Material to process.
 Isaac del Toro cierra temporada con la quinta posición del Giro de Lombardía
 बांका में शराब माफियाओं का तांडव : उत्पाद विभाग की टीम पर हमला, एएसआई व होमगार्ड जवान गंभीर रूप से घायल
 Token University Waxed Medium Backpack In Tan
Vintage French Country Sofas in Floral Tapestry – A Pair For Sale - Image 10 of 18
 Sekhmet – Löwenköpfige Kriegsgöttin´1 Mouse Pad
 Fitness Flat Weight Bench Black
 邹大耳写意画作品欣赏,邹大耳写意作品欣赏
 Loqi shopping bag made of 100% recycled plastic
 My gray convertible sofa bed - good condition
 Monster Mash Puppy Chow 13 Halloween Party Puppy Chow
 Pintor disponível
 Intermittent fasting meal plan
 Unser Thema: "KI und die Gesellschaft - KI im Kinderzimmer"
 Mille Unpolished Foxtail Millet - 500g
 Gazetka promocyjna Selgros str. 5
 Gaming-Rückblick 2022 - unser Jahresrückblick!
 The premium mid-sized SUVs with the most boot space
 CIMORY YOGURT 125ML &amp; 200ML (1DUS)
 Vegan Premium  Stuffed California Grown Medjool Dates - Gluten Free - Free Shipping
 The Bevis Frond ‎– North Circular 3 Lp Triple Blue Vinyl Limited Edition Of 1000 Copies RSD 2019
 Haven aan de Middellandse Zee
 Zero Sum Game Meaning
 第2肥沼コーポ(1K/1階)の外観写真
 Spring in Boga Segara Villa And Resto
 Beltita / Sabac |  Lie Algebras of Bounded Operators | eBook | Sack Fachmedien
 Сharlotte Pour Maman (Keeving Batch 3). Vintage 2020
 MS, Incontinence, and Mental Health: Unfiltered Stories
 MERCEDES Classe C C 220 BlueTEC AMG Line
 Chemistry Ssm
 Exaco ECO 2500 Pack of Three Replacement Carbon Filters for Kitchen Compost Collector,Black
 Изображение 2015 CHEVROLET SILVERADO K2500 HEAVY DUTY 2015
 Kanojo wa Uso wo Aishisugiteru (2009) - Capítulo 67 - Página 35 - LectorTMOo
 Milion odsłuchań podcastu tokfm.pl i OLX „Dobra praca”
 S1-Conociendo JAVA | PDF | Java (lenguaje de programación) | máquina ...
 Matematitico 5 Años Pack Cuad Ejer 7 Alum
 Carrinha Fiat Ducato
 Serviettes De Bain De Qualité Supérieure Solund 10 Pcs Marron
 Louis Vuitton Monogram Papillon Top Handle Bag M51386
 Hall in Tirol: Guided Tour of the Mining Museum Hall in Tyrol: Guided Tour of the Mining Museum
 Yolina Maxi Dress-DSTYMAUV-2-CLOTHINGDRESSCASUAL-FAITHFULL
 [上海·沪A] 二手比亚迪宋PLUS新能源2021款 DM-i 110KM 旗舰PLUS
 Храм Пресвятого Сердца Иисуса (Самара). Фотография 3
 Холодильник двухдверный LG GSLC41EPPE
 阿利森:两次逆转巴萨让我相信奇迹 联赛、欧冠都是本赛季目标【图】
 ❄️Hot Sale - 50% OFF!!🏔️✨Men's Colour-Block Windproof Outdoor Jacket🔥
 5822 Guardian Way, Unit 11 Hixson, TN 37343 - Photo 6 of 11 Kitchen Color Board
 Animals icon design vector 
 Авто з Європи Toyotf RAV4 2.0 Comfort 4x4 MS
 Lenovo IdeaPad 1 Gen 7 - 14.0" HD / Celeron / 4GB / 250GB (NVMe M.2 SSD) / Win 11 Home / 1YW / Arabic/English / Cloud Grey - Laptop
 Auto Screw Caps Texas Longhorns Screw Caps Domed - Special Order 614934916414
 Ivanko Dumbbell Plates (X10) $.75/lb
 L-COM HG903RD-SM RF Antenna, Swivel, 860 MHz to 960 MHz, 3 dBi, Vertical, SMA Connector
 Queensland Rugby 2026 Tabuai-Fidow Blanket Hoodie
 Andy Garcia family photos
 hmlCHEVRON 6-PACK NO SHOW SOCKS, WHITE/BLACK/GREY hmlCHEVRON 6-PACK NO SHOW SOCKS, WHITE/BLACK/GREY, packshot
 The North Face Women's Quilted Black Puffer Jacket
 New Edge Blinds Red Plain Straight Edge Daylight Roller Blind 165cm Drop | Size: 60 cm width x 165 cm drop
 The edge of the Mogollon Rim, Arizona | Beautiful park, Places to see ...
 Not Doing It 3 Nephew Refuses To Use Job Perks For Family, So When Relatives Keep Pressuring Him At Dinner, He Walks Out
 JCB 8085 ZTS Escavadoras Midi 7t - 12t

Exercise aim. Check the lines above for the word "Kitchen" and give the number of lines where it appears, with no other text.

Response to this task. 2